The Owner, Realtor, Attorney, or Title Company will submit their official request for required Resale Disclosure documents. These documents can include, but are not limited to the following:
Resale Disclosure Information
The actual document names and content will vary by State, however the most general term that is used is a Resale Certificate. This is a document or a collection of documents that provides general and financial information for the Community as a whole as well as the specific unit that is being sold, including any account balances that will be due to the Community and/or managing agent at closing. Most jurisdictions have statutory requirements in place that govern exactly what information it must contain and a time frame in which it needs to be provided. Failure to provide could result in a Community or Managing agent violating these statutes.
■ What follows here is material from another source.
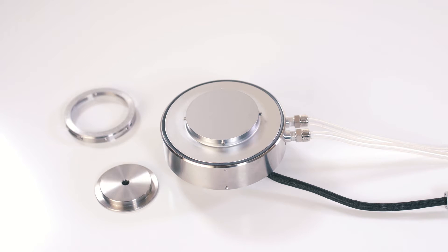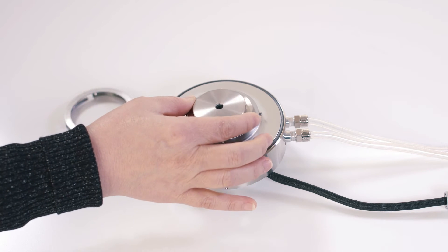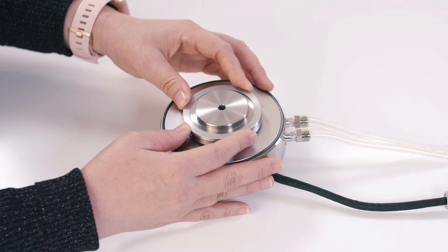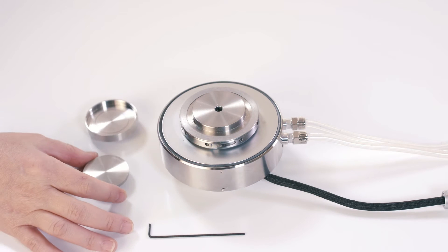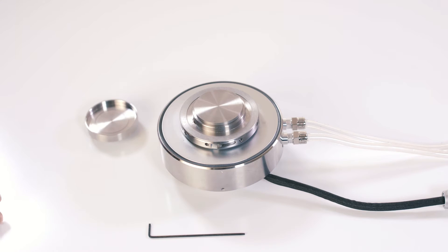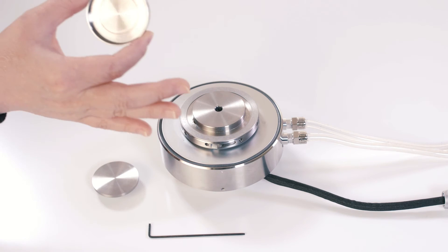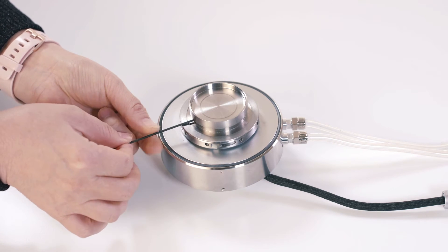If you are using the Peltier temperature control system for the advanced Peltier plate, you will need to attach this triboreometry holder to the top of the Peltier plate first. Then insert this 40 mm disposable plate or this 45 mm stainless steel cup to the holder, and tighten the screws on the side.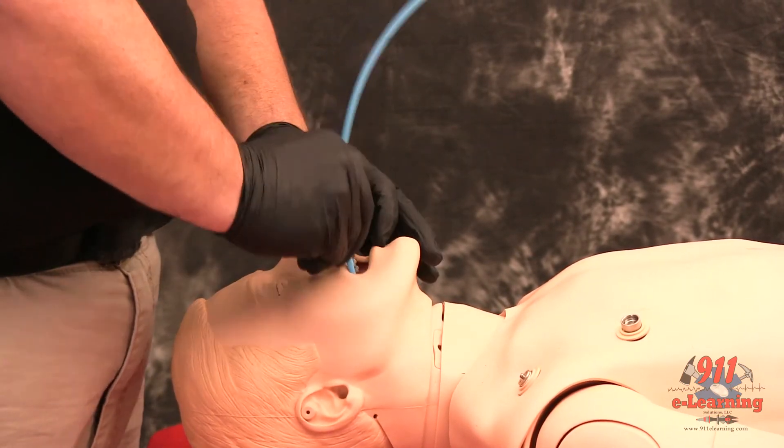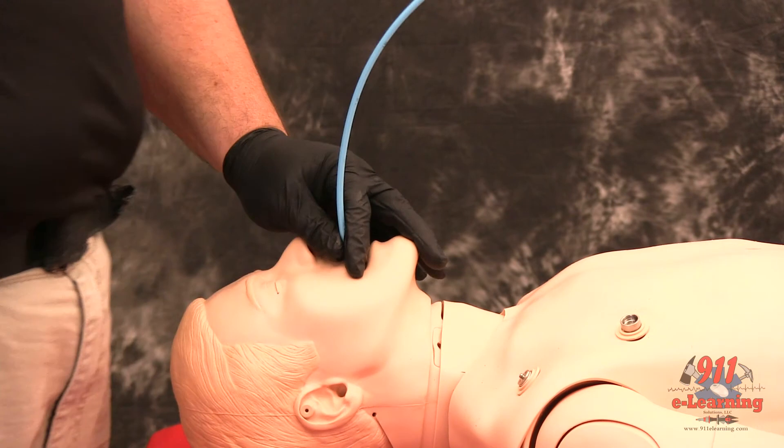If you do not meet resistance, you have a probable esophageal intubation, and insertion should be reattempted or the failed airway protocol implemented as indicated.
The most common pieces of information that are required to be disclosed are as follows:
- Capital expenditures, both current and anticipated
- Operating and Reserve account balances
- Budget information
- Pending special assessments
- Legal disclosures
- Insurance information
- Meeting minutes
- Pending unit violations
- Unit account balances
- Governing Documents (Articles, Declarations, Bylaws, Rules, etc.)
Although there are no State requirements that govern the content and delivery of Lender Questionnaires, often times lenders will require them in order to fund a purchaser's loan. It's important to note that these are considered separate products from the typical Resale Disclosure information and must be submitted as a separate request. A lender will need to follow the same steps of placing their request via the Marketplace.
Frequently Asked Questions:
How are these requests submitted and is there a cost?
For An Associa managed Community utilizing Community Archives, shoppers will be directed to the Marketplace to submit their document requests. A processing fee will apply for most requests and the costs will vary depending on several factors such as the Jurisdiction, documents selected and delivery times. Upon payment of any applicable processing fees, (unless up front collection is prohibited) the document order will be prepared accordingly and delivered to the shopper within the requested timeframe.
How long will it take to receive the information?
All orders will show an estimated delivery date to the shopper when the request is submitted. The delivery times are determined and can be affected by several factors including:
- Requirements by the State/Jurisdiction
- Type of document requested
- Priority service selected
- When payment is received
The most common window for delivery will be within 10 business days from receipt of payment, however it is extremely important to note the variables above.
Who will receive the information once it is delivered?
This will depend on who submits the request. Anyone involved in the Real Estate transaction can submit the order and Community Archives will deliver the information to the shopper that placed the order as well as any additional recipients the shopper added during checkout. Once the information is sent to the shopper, they can forward to whoever needs to receive it.